◆ **Source material**:
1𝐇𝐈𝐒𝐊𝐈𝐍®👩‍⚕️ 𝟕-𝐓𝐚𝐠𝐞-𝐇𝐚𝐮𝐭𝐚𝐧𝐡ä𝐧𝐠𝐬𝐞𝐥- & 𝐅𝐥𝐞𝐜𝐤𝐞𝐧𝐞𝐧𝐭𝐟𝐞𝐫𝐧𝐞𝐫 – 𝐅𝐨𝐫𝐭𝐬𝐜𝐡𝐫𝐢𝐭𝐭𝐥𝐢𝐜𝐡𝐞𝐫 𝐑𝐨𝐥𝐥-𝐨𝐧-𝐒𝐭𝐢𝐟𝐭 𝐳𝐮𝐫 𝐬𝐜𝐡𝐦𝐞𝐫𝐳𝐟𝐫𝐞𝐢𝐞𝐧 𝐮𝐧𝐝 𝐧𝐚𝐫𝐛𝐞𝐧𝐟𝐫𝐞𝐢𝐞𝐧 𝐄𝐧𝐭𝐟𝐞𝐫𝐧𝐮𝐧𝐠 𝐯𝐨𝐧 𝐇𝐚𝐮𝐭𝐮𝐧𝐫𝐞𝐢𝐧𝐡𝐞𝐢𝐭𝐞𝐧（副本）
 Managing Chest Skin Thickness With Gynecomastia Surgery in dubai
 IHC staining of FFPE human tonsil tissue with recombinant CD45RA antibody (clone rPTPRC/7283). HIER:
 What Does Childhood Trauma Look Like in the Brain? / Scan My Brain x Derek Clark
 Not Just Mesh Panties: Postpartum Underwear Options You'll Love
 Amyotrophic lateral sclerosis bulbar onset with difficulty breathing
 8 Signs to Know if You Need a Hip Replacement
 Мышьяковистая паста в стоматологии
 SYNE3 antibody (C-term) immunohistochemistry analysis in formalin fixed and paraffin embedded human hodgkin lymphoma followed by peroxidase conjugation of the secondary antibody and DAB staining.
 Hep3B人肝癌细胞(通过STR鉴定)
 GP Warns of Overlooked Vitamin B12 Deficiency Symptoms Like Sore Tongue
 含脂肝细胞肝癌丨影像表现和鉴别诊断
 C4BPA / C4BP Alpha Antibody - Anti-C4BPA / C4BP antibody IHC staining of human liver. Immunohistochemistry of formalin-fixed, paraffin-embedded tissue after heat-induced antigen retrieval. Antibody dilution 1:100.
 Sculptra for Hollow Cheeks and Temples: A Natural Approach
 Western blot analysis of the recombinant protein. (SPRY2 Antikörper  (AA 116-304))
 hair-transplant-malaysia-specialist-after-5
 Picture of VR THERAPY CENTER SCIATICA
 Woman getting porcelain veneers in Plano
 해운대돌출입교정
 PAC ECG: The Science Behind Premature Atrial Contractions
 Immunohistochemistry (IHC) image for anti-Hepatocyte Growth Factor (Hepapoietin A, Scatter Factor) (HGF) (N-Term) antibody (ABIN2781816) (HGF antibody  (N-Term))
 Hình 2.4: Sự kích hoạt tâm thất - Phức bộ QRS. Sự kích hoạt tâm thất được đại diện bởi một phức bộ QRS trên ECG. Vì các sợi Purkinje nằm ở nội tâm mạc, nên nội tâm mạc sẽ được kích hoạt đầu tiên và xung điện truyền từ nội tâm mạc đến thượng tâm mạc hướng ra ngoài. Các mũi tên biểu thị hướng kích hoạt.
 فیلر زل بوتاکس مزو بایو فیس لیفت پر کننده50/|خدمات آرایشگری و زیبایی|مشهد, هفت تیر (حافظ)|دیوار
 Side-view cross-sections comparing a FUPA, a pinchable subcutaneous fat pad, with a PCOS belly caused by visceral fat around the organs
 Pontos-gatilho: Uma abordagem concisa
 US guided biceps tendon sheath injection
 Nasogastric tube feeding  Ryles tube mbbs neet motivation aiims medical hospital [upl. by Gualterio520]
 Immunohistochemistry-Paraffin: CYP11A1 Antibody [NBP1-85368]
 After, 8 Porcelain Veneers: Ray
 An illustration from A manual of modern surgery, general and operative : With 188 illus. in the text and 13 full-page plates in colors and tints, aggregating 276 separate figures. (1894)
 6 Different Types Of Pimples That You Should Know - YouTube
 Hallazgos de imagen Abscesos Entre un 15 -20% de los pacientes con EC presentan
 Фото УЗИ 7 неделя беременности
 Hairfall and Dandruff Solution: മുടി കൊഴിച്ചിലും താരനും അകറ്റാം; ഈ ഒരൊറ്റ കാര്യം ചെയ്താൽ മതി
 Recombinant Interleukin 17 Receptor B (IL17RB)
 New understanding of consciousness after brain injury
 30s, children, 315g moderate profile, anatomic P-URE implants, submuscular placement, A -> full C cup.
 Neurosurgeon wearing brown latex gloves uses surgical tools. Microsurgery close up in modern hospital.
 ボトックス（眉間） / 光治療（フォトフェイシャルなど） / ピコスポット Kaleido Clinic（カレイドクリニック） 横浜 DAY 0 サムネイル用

◆ **Work item**:
In the entries above, how many lines hold the word "hospital"? Answer with the number only.

◆ **Output for this task**:
2